A newborn fall to the floor from a sleeping parent’s arms in the immediate postpartum period may result in a skull fracture, head bleed, and transfer to the NICU for observation. These harmful consequences galvanized frontline clinicians to prevent these tragic accidents, but, a decade later, they continue at a stubbornly low, persistent level. In this article, I suggest that a misunderstanding of sleep science may be a barrier to effective interventions. The science of sleep is presented to inform a new paradigm that would have greater potential of eliminating dangerous newborn falls.
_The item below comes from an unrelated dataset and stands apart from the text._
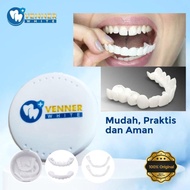 ORIGINAL Snap On Smile Gigi Palsu Venner White Perapih Gigi Instan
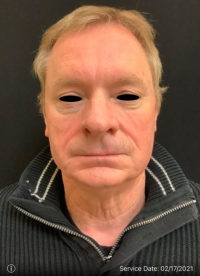 Facelift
The past decade has seen a burgeoning literature in which investigators examine in-hospital newborn falls in the postpartum period.1–40 Newborns’ falls associated with a sleeping parent have resulted in skull fractures, head bleeds, and transfers to the NICU. Heartbroken parents experience agonizing waits for test results to reassure them that their new infant has not been seriously injured. Before the unintentional injury, they were proud parents cradling a newborn in their arms. After the unintentional injury, their infant is in an overwhelming, technologically complex place. They touch their infant under the watchful eyes of staff who know what they did. A deep sense of shame and feelings of being unworthy parents leave them desolate. The rarity of the event deprives them of comforting shared stories that say, “Yes, that happened to me too and it will be okay.” Many keep the newborn fall a dark secret, an untold story. The mother–infant staff are devastated and wonder if they could have prevented the unintentional injury had they been more attentive. An infant was injured on their watch and, awash in their own guilt, they still need to comfort the new parents. Even if the injuries are minor, a newborn fall is a shattering experience for the infant, parents, and caregivers. Staff feel compelled to eradicate falls associated with a sleeping parent.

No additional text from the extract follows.